-- DESCRIPTION OF THE TASK --
Your reply should contain only the line with "Take Your Range Swing to the Course" and the lines after it through the end of the data, each written out exactly.

(RECORD EXTRACTS Opens)

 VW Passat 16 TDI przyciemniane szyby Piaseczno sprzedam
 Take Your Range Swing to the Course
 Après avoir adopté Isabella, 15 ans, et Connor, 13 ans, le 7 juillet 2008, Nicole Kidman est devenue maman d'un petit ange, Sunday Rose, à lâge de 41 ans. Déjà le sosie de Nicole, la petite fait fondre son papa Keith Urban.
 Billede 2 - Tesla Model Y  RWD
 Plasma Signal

(RECORD EXTRACTS Closes)

-- TASK ANSWER --
 Take Your Range Swing to the Course
 Après avoir adopté Isabella, 15 ans, et Connor, 13 ans, le 7 juillet 2008, Nicole Kidman est devenue maman d'un petit ange, Sunday Rose, à lâge de 41 ans. Déjà le sosie de Nicole, la petite fait fondre son papa Keith Urban.
 Billede 2 - Tesla Model Y  RWD
 Plasma Signal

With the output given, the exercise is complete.